■ Goal of the exercise ■
Starting with the line that contains "this 424×261 image." and stopping after the line that contains "this 336×185 image.", copy the entries below exactly. Include nothing else.

■ Data section ■
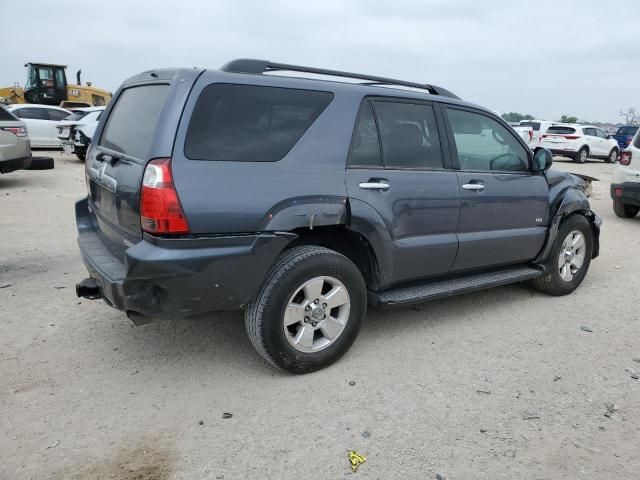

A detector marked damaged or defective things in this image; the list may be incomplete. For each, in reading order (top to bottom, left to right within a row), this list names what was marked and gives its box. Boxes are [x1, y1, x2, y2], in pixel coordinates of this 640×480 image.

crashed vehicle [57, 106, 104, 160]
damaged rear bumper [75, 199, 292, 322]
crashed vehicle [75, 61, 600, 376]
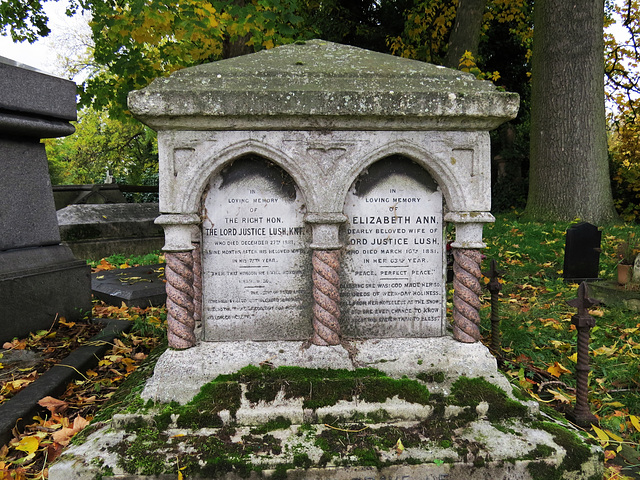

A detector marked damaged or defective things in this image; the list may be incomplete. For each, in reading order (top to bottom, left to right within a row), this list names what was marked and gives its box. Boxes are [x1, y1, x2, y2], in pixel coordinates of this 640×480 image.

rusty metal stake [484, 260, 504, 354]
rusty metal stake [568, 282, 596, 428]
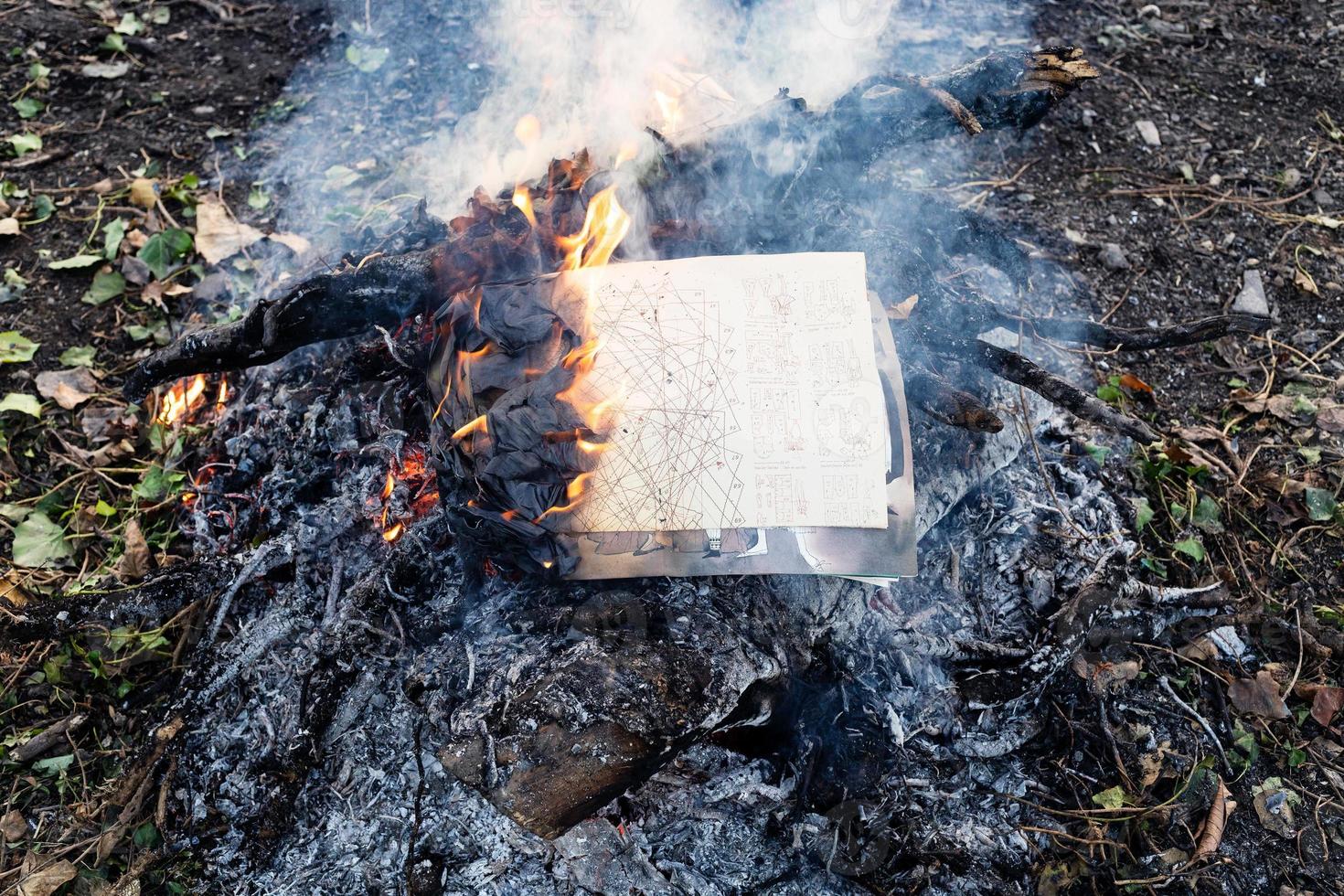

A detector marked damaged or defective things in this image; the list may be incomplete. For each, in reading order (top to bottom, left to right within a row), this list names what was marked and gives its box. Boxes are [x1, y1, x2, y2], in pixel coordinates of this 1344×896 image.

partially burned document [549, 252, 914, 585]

==

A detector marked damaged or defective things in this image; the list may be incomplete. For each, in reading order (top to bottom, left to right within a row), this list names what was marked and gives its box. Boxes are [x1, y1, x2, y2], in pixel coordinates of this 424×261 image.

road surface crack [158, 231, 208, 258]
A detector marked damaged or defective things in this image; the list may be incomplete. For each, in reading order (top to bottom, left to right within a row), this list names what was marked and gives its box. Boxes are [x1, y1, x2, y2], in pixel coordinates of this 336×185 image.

...

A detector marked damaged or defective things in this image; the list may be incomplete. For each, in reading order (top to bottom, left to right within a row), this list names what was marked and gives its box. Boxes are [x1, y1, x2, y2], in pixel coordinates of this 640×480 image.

■ Output ■
A detector marked damaged or defective things in this image; the list may be incomplete. For each, in reading order (top to bottom, left to right within a row), this list names what was marked and gives its box. Boxes are [x1, y1, x2, y2], in pixel coordinates of this 424×261 image.

road surface crack [158, 231, 208, 258]
A detector marked damaged or defective things in this image; the list may be incomplete. For each, in reading order (top to bottom, left to right within a row), this list names what was marked and gives its box. Boxes are [x1, y1, x2, y2], in pixel coordinates of this 336×185 image.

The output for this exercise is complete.